Reviewed-by: Edgar E. Iglesias <edgar.iglesias@xilinx.com>


> ---
>  cpus.c                       |  5 +++++
>  include/qemu/timer.h         |  4 ++--
>  include/sysemu/cpus.h        |  1 +
>  stubs/cpu-get-icount.c       |  6 ++++++
>  tests/test-aio-multithread.c |  2 +-
>  tests/test-aio.c             |  2 +-
>  util/async.c                 |  2 +-
>  util/main-loop.c             |  2 +-
>  util/qemu-timer.c            | 10 +++++-----
>  9 files changed, 23 insertions(+), 11 deletions(-)
> 
> diff --git a/cpus.c b/cpus.c
> index 2459f56..747addd 100644
> --- a/cpus.c
> +++ b/cpus.c
> @@ -804,6 +804,11 @@ static void qemu_cpu_kick_rr_cpu(void)

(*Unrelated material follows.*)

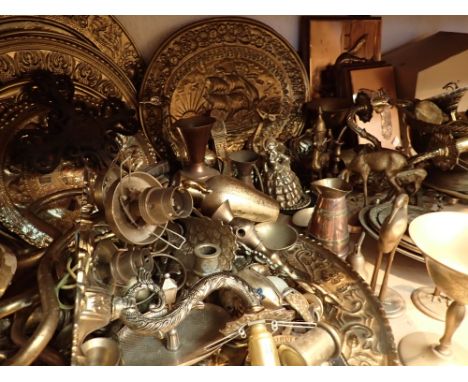 Large quantity of brassware wall plaques light sconces bowls bells figurines candle snuffer etc 
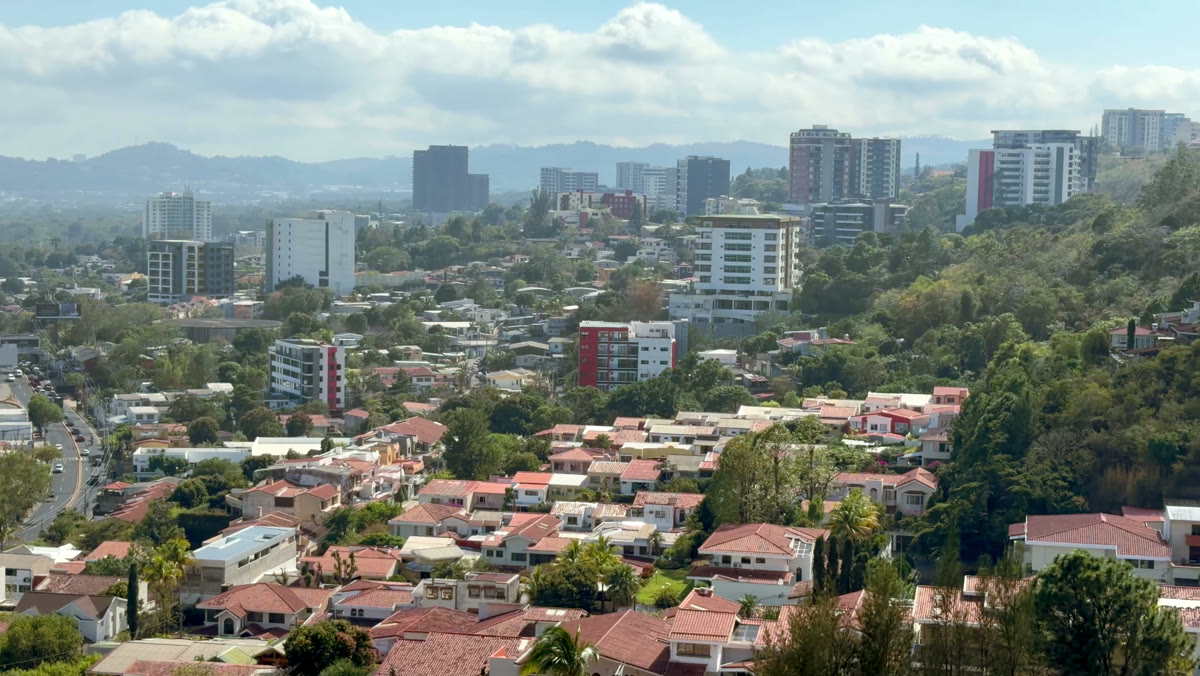 Vista aérea de San Salvador con torres modernas, colonias y las montañas del valle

>      } while (cpu != atomic_mb_read(&tcg_current_rr_cpu));
>  }
>  
> +void qemu_timer_notify_cb(void *opaque, QEMUClockType type)
> +{
> +    qemu_notify_event();
> +}
> +
>  static void kick_tcg_thread(void *opaque)
>  {
>      timer_mod(tcg_kick_vcpu_timer, qemu_tcg_next_kick());
> diff --git a/include/qemu/timer.h b/include/qemu/timer.h
> index 91cd8c8..1441b42 100644
> --- a/include/qemu/timer.h
> +++ b/include/qemu/timer.h
> @@ -59,7 +59,7 @@ struct QEMUTimerListGroup {
>  };
>  
>  typedef void QEMUTimerCB(void *opaque);
> -typedef void QEMUTimerListNotifyCB(void *opaque);
> +typedef void QEMUTimerListNotifyCB(void *opaque, QEMUClockType type);
>  
>  struct QEMUTimer {
>      int64_t expire_time;        /* in nanoseconds */
> @@ -776,7 +776,7 @@ static inline int64_t qemu_soonest_timeout(int64_t timeout1, int64_t timeout2)
>   *
>   * Initialise the clock & timer infrastructure
>   */
> -void init_clocks(void);
> +void init_clocks(QEMUTimerListNotifyCB *notify_cb);
>  
>  int64_t cpu_get_ticks(void);
>  /* Caller must hold BQL */
> diff --git a/include/sysemu/cpus.h b/include/sysemu/cpus.h
> index e521a91..a8053f1 100644
> --- a/include/sysemu/cpus.h
> +++ b/include/sysemu/cpus.h
> @@ -22,6 +22,7 @@ void dump_drift_info(FILE *f, fprintf_function cpu_fprintf);
>  
>  /* Unblock cpu */
>  void qemu_cpu_kick_self(void);
> +void qemu_timer_notify_cb(void *opaque, QEMUClockType type);
>  
>  void cpu_synchronize_all_states(void);
>  void cpu_synchronize_all_post_reset(void);
> diff --git a/stubs/cpu-get-icount.c b/stubs/cpu-get-icount.c
> index 2e8b63b..0b7239d 100644
> --- a/stubs/cpu-get-icount.c
> +++ b/stubs/cpu-get-icount.c
> @@ -2,6 +2,7 @@
>  #include "qemu-common.h"
>  #include "qemu/timer.h"
>  #include "sysemu/cpus.h"
> +#include "qemu/main-loop.h"
>  
>  int use_icount;
>  
> @@ -9,3 +10,8 @@ int64_t cpu_get_icount(void)
>  {
>      abort();
>  }
> +
> +void qemu_timer_notify_cb(void *opaque, QEMUClockType type)
> +{
> +    qemu_notify_event();
> +}
> diff --git a/tests/test-aio-multithread.c b/tests/test-aio-multithread.c
> index 8b0b40e..549d784 100644
> --- a/tests/test-aio-multithread.c
> +++ b/tests/test-aio-multithread.c
> @@ -438,7 +438,7 @@ static void test_multi_mutex_10(void)
>  
>  int main(int argc, char **argv)
>  {
> -    init_clocks();
> +    init_clocks(NULL);
>  
>      g_test_init(&argc, &argv, NULL);
>      g_test_add_func("/aio/multi/lifecycle", test_lifecycle);
> diff --git a/tests/test-aio.c b/tests/test-aio.c
> index 2754f15..54e20d6 100644
> --- a/tests/test-aio.c
> +++ b/tests/test-aio.c
> @@ -835,7 +835,7 @@ int main(int argc, char **argv)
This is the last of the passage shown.